September/October 1994 | Contents

Secrets of a Courthouse Reporter

by Louise Yarnall
Yarnall is a reporter at The Outlook in Santa Monica, California.

In L.A., the courthouse is for judges, jurors, bailiffs, and lawyers. Reporters? Take a number, chump.

The designated "press room" for the O.J. Simpson preliminary hearing was on the eleventh floor of the Criminal Courts Building -- a plain white room with three long white tables crammed into a space about a third the size of the average M.E.'s office.

For those who arrived early enough to stake out a square on one of the tables, working conditions were elbow-to-elbow. Latecomers sat on the floor, leaned in the doorway, or jumped up on the sink in the corner. Those with East Coast deadlines or without courtroom passes would spend the day there, watching the hearing on a twelve-inch television set perched on a stack of telephone books while banging away into a remote.

Grief with editors became a great equalizing force. Since telephone conversations were public domain, it became a source of comfort for those of us from the journalistic small-time to hear the reporter from the august New York Times arguing with his editors.
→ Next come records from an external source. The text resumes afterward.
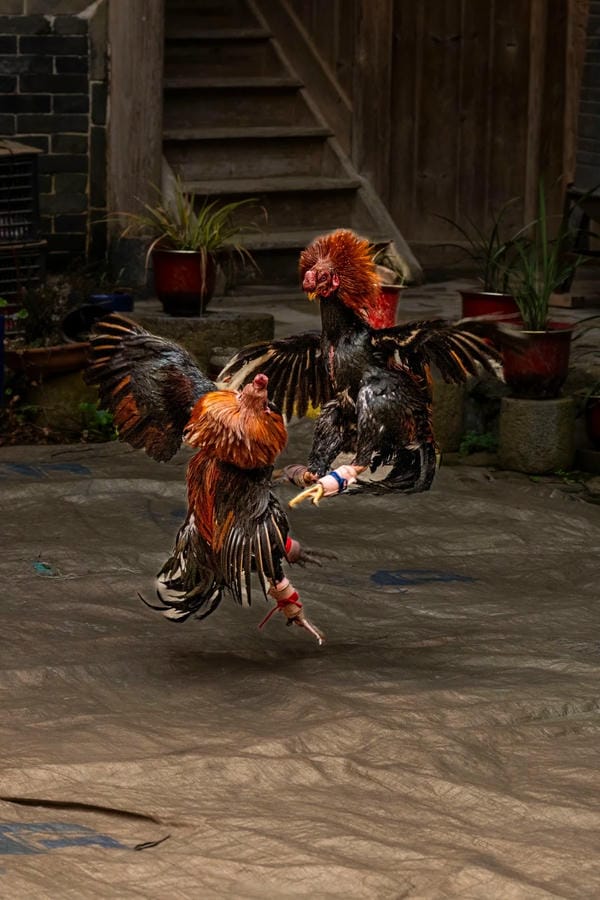 ảnh gà chọi đẹp 13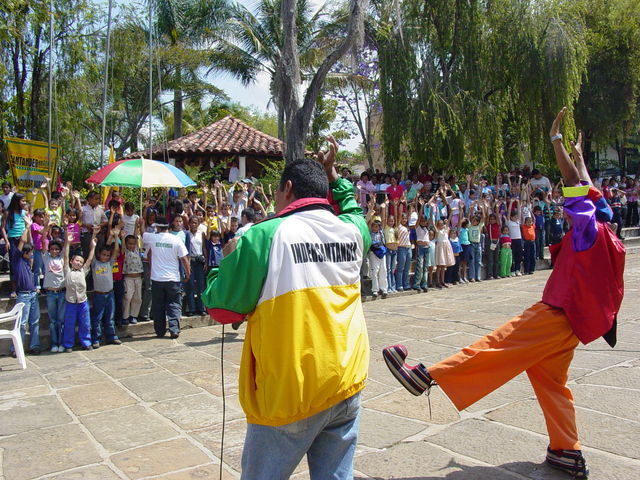 PALMAS DEL SOCORRO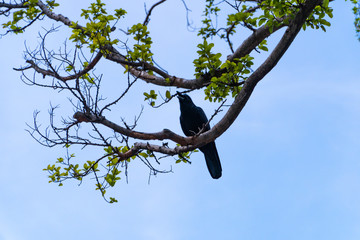 A large-billed crow sits on a branch of a tree during a cloudy day in the garden with blue sky background and copy space.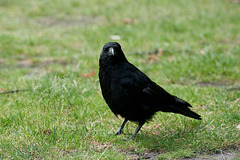Raven (Corbeau) 2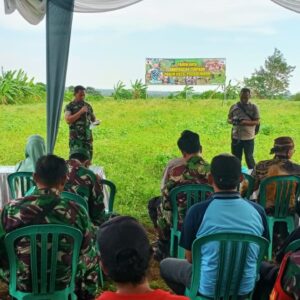Kodim 0820 Probolinggo Panen Raya Kacang Tanah di Desa Boto, Lumbang 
"You want the dawg in the lead!" protested the reporter, who had a gravelly southern drawl. "That's such an AP mentality. A dawg. Why don't I just put in a burnin' barn -- that'll get 'em readin'!"

When he slammed down the phone, he shouted out, cheerleader-style: "How much do we hate editors?"
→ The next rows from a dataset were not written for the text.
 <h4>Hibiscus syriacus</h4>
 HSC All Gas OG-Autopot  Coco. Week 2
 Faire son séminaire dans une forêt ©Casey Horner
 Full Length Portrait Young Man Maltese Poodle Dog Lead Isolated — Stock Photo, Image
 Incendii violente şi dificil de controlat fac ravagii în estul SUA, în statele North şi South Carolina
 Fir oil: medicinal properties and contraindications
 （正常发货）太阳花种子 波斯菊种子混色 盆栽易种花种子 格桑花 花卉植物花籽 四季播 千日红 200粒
The reporter from The Washington Post struggled with an assignment she didn't like -- a "color story" on the families of the victims. She finally turned it in only to get another call from her editors. They wanted a legal analysis. It was past 5 p.m. on the Friday before the July 4th weekend.

A reporter from USA Today considered it a great moral victory when she convinced her editors, after much argument, that there were actually thirty-three disputed pieces of evidence that the defense was challenging in its motion to suppress -- not the widely reported thirty-four.

Next to editors, our worst tormentors were court bailiffs on the ninth floor, who were charged with enforcing the rules against media contact with the major players. Merely asking if Simpson's attorney, Robert Shapiro, would be holding a press conference could bring on threats of permanent banishment from the courtroom.

The rules seemed to change each day. The appointed times for picking up the courtroom pass kept changing. The places to line up for the pass kept changing. Even the passes themselves kept changing -- from orange to bright pink.

The morning after the July 4th weekend, a maintenance guy in a beige uniform appeared at the press room doorway. "The air conditioner is broken," he said.

Someone from the courthouse sent down a week's supply of coffee, filters, and cups. The next day a harried technician rushed in with the news that something had blown the fuse for three different television stations trying to do live shots. His eyes locked in on the coffee machine. "Shut it off!" he said, running off. It was hard not to think: conspiracy.

During court breaks, we'd watch the hallway television feed to see which of our colleagues was sneaking a ninth-floor interview with the attorneys behind a bailiff's back. By the end of the preliminary hearing, reporters had become brazen, following defense attorney Gerald Uelmen right up to the men's room, then picking up the conversation when he exited.

That was most of us. Then there was the New York Times writer. He had an assistant -- a hard-working cub reporter whose job description seemed to include getting coffee and sandwiches for the Writer, spelling names, protecting the Writer from air-conditioning drafts, finding quotes, generally explaining what was going on, and, occasionally, soothing the Writer's bruised ego when editors called with niggling questions.

"I do hair," the assistant wisecracked.

By the second week, the courtroom routine had so beaten us down that most reporters lost their competitive lust. We freely shared choice tidbits of color from the courtroom -- describing how Nicole Brown Simpson's father "bowed and wept" when the search warrant evidence was admitted by the judge, or how Marcia Clark warned the family that she was about to bring out the gory photographs from the death scene.

Toward the end, a New York Newsday reporter volunteered to do "pool color" for the gang.

We checked our quotes against each other.

 We spelled names for each other.

 We were a band of rough equals who were lucky to be thrown together in a tiny room for a brief, interesting time.